If you’re missing 2+ of these, you’re likely depending on luck for fraud prevention.


If you suspect an account is already compromised

Microsoft notes common signs include missing/deleted mail, suspicious inbox rules (including forwarding), suspicious sent items, and newly added external forwarding.
Treat those as an incident—not “an IT ticket.”

Immediate actions (practical):

  • Block sign-in, reset credentials, revoke sessions
  • Remove forwarding/inbox rules
  • Review recent sign-ins and risky sign-in indicators
  • Notify finance and pause wire changes until verified out-of-band

Also remember: IC3 emphasizes time-critical response for fraudulent transfers—contact the bank immediately and file a report. Internet Crime Complaint Center


FAQ

Can hackers bypass MFA in Microsoft 365?

They can bypass some MFA methods through social engineering (SIM swaps, call forwarding) and push fatigue. That’s why stronger MFA plus Conditional Access, risk policies, and email hardening matter.

Do I need Microsoft 365 E5 to do this?

Not necessarily for all five steps.

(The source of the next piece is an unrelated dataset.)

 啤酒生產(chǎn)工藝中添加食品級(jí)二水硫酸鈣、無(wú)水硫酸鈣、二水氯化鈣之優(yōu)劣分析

Some controls can be done with Security Defaults and standard Exchange settings, but risk detections like Impossible/Atypical travel are listed as premium detections and Entra ID Protection features generally require P2 for full functionality.

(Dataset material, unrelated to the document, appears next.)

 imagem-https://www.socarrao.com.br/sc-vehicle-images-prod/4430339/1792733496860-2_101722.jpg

What’s the single most important setting to prevent Office 365 wire fraud?

If forced to choose one: disable external forwarding and lock down inbox rules—because attackers rely on silent monitoring to time invoice fraud.


Closing thought: “Default” protects Microsoft. You need settings that protect your money.

BEC isn’t a “malware problem.” It’s an identity + email workflow problem.

If you implement the five configurations above, you’re not just “hardening Microsoft 365.” You’re reducing the probability of a high-impact event—like a $50,000 wire fraud—by breaking the attack chain where it most often succeeds.